KISAH BURUNG PEMAKAN ULAT
Oleh: Kak Eka “Rumah Pensil” Wardhana
Matahari telah lama menghilang, bintang-bintang bersinar cemerlang dan bulan mulai terang. Manusia telah tidur, kebanyakan hewan telah tidur, benar-benar sepi seperti di tanah kubur. Namun di dalam sebuah sarang, di atas dahan bercabang, terdengar suara kecil tapi lantang.
“Ayah, apakah engkau telah tidur? Bangunlah Ayah, angkat dirimu dari kasur, aku ingin bertanya bukan melindur.”
Itu adalah suara anak burung pemakan ulat, ayahnya menguap dan menggeliat.
“Ada apa, Anakku? Apa ada yang mengganggu tidur lelapmu? Apa yang ingin kau tanyakan padaku?”
“Mengapa Ayah terus melatihku dengan giat? Terus terbang tinggi sampai aku tak kuat? Seminggu sudah waktu terlewat!”
“Agar kau kelak jadi burung yang hebat, kau tak boleh hanya jadi pemakan ulat, engkau harus jadi elang yang dahsyat!”
“Apa Ayah tak salah bilang? Atau tajamnya pendengaranku sudah hilang? Ayah, mengapa aku harus jadi seekor elang?”
“Sebab elanglah raja angkasa, semua tunduk padanya, hanya dengan jadi elang hidupmu akan bahagia!”
Air mata si Anak pun berlinang, katanya dengan suara tak lagi lantang, “Ayah, aku tak mungkin jadi seekor elang.”
“Tidak Nak, engkau pasti bisa! Jangan sia-siakan masa muda! Kerahkan seluruh kemampuan untuk mengejar cita-cita!”
“Tapi Ayah, aku hanya burung kecil pemakan ulat, sayapku kecil tapi liat, meski begitu tak mungkin sekuat elang yang hebat.
“Paruhku tumpul dan berukuran mungil, hanya sanggup mengejar ulat-ulat kecil, tak mungkin aku melahap kelinci dan tikus degil.”
Sejak itu Sang Ayah pun terdiam setiap saat, tak lagi melatih anaknya dengan giat, bahkan ia tampak tak lagi bersemangat.

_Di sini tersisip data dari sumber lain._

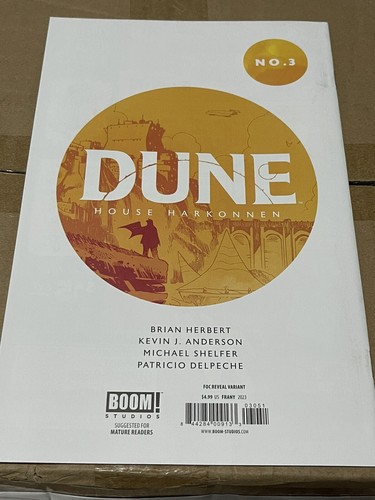 DUNE: House Harkonnen No 3 BOOM Comic March 2023 Limited FOC Reveal Variant - Picture 2 of 2
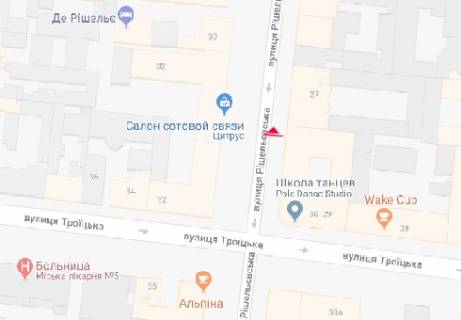 Ситилайт A в Одессе, 1.8x1.2  Рішельєвська вул., 29 схема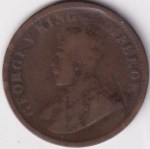 British India Quarter Anna of 1911 of King George V Copper Coin - Image 2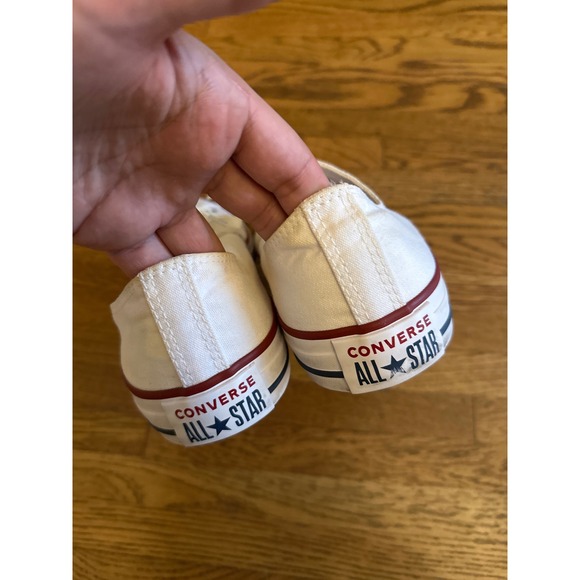 Converse Chuck Taylor All Star Low Top White Canvas Men's Sneakers Size 11 - Picture 5 of 7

Si Burung Pemakan ulat kecil, kini menjadi labil, tak tahu lagi tindakan apa yang harus diambil.
“Mengapa kini Ayah membiarkan aku? Tak lagi melatih aku? Bahkan tak lagi menegur aku?”
“Anakku, jadi pemakan ulat sangat gampang, sebab ulat bahkan tak bisa melayang tapi kamu malah bisa terbang.”

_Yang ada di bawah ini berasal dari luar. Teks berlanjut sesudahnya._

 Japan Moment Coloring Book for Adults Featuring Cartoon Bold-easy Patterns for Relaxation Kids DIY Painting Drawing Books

Si Anak menangis tersedu-sedu, “Ayah, bagiku tak semudah itu. Membedakan jenis ulat pun aku tak tahu.”
“Ayahku sayang, tanpamu aku tak tahu cara yang gampang, untuk jadi pemakan ulat yang cemerlang.”
Si Ayah tersadar kini, bagi seorang anak di usia dini, bimbingan perlu diberi sepenuh hati.

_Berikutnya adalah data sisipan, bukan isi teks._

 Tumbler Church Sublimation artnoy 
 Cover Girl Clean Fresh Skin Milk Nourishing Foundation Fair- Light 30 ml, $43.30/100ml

Anak tak perlu dijadikan orang hebat, ia hanya perlu diarahkan dengan tepat, maka semangatnya akan tumbuh seiring bakat.
Jadi hebat tapi menyiksa diri, bukanlah hasil pendidikan sejati, sebab pendidikan bertujuan mencari jati diri.
Allah memang memberi setiap anak bakat dan minat, tapi ia sendirian akan sulit menemukan jalan yang tepat, tugas orangtualah menemani agar ia tak tersesat.
Yang pinter bukan hanya dokter, pelukis pun perlu otak yang muter, menjadi penjahit pun perlu otak seger, agar terus mendapat order.
Bahagia bukan hanya milik pejabat kaya, sebab pedagang pun bisa kaya raya, bahagia adalah milik orang yang hidup sesuai bakatnya.
Bila anak harus mencoba berputer-puter, bantulah ia walau kita harus keblinger, itu namanya orangtua super.
Yang anak perlu dari orangtua, adalah kasih sayang dan rasa percaya, maka Insya Allah kelak ia akan terhindar dari derita, malah akan membuat orangtua bangga.